Lebanon - The Seleucid Dynasty

Lebanon

After Alexander's death, his empire was divided among his Macedonian generals. The eastern part--Phoenicia, Asia Minor, northern Syria, and Mesopotamia--fell to Seleucus I, founder of the Seleucid dynasty. The southern part of Syria and Egypt fell to Ptolemy, and the European part, including Macedonia, to Antigonus I. This settlement, however, failed to bring peace because Seleucus I and Ptolemy clashed repeatedly in the course of their ambitious efforts to share in Phoenician prosperity. A final victory of the Seleucids ended a forty-year period of conflict.

The last century of Seleucid rule was marked by disorder and dynastic struggles. These ended in 64 B.C., when the Roman general Pompey added Syria and Lebanon to the Roman Empire. Economic and intellectual activities flourished in Lebanon during the Pax Romana. The inhabitants of the principal Phoenician cities of Byblos, Sidon, and Tyre were granted Roman citizenship. These cities were centers of the pottery, glass, and purple dye industries; their harbors also served as warehouses for products imported from Syria, Persia, and India. They exported cedar, perfume, jewelry, wine, and fruit to Rome. Economic prosperity led to a revival in construction and urban development; temples and palaces were built throughout the country, as well as paved roads that linked the cities.

Upon the death of Theodosius I in A.D. 395, the empire was divided in two: the eastern or Byzantine part with its capital at Constantinople, and the western part with its capital at Rome. Under the Byzantine Empire, intellectual and economic activities in Beirut, Tyre, and Sidon continued to flourish for more than a century. However, in the sixth century a series of earthquakes demolished the temples of Baalbek and destroyed the city of Beirut, leveling its famous law school and killing nearly 30,000 inhabitants. To these natural disasters were added the abuses and corruptions prevailing at that time in the empire. Heavy tributes and religious dissension produced disorder and confusion. Furthermore, the ecumenical councils of the fifth and sixth centuries A.D. were unsuccessful in settling religious disagreements. This turbulent period weakened the empire and made it easy prey to the newly converted Muslim Arabs of the Arabian Peninsula.

Lebanon

Lebanon - THE ARAB PERIOD

Lebanon

The Arab Conquest, 634-36

The followers of the Prophet Muhammad, the founder of Islam, embarked on a movement to establish their religious and civil control throughout the eastern Mediterranean from their base in the Arabian Peninsula. Their determination to conquer other lands resulted both from economic necessity and from religious beliefs, which imbued them with contempt for death.
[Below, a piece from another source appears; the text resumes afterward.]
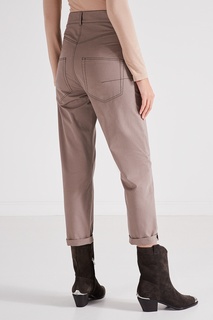 Бежевые брюки с контрастной строчкой Izeta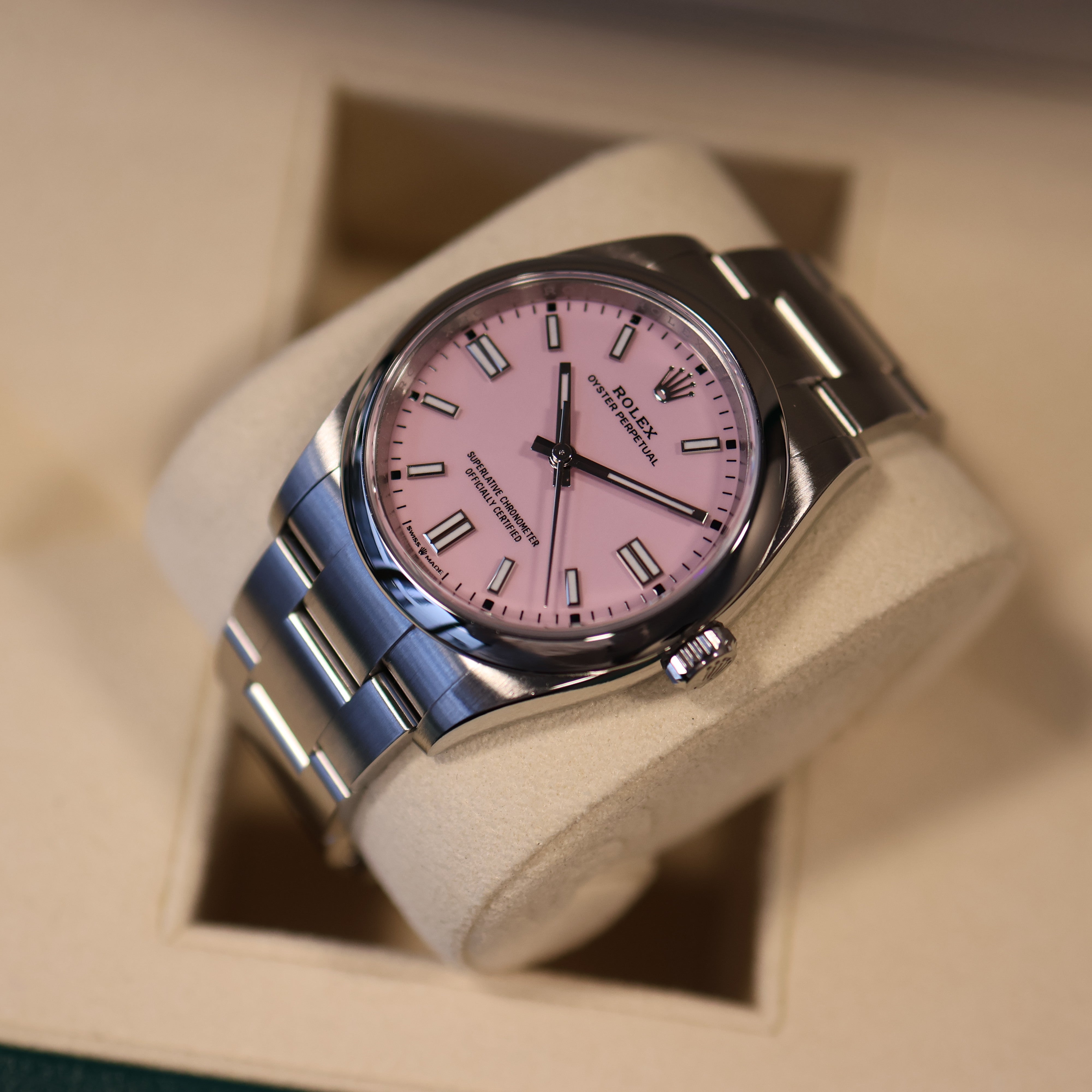 Rolex Oyster Perpetual Pink Dial 126000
Calling for a jihad (holy war) against non-Muslims, the Prophet's successor, Caliph Abu Bakr (632-34), brought Islam to the area surrounding Lebanon. Dividing his forces into three groups, he ordered one to move in the direction of Palestine, one toward Damascus, and one toward the Jordan River. The Arab groups under General Khalid ibn al Walid defeated the forces from in 636 at the Battle of Yarmuk in northwestern Jordan.

Lebanon

Lebanon - The Umayyads

Lebanon

After the Battle of Yarmuk, Caliph Umar appointed the Arab Muawiyah, founder of the Umayyad dynasty, as governor of Syria, an area that included present-day Lebanon. Muawiyah garrisoned troops on the Lebanese coast and had the Lebanese shipbuilders help him construct a navy to resist any potential Byzantine attack. He also stopped raids by the Marada, a powerful people who had settled in the Lebanese mountains and who were used by the Byzantine rulers to prevent any Arab invasion that would threaten the Byzantine Empire. Concerned with consolidating his authority in Arabia and Iraq, Muawiyah negotiated an agreement in 667 with Constantine IV, the Byzantine emperor, whereby he agreed to pay Constantine an annual tribute in return for the cessation of Marada incursions. During this period some of the Arab tribes settled in the Lebanese and Syrian coastal areas.

Lebanon

Lebanon - The Abbasids

Lebanon

The Abbasids, founded by the Arab Abul Abbas, replaced the Umayyads in early 750. They treated Lebanon and Syria as conquered countries, and their harshness led to several revolts, including an abortive rebellion of Lebanese mountaineers in 759. By the end of the tenth century, the amir of Tyre proclaimed his independence from the Abbasids and coined money in his own name. However, his rule was terminated by the Fatimids of Egypt, an independent Arab Muslim dynasty.

Lebanon

Lebanon - Impact of Arab Rule

Lebanon

Arab rule under the Umayyads and Abbasids had a profound impact on the eastern Mediterranean area and, to a great degree, was responsible for the composition of modern Lebanese society. It was during this period that Lebanon became a refuge for various ethnic and religious groups. The presence of these diverse, cohesive groups led to the eventual emergence of the Lebanese confessional state, whereby different religious communities were represented in the government according to their numerical strength.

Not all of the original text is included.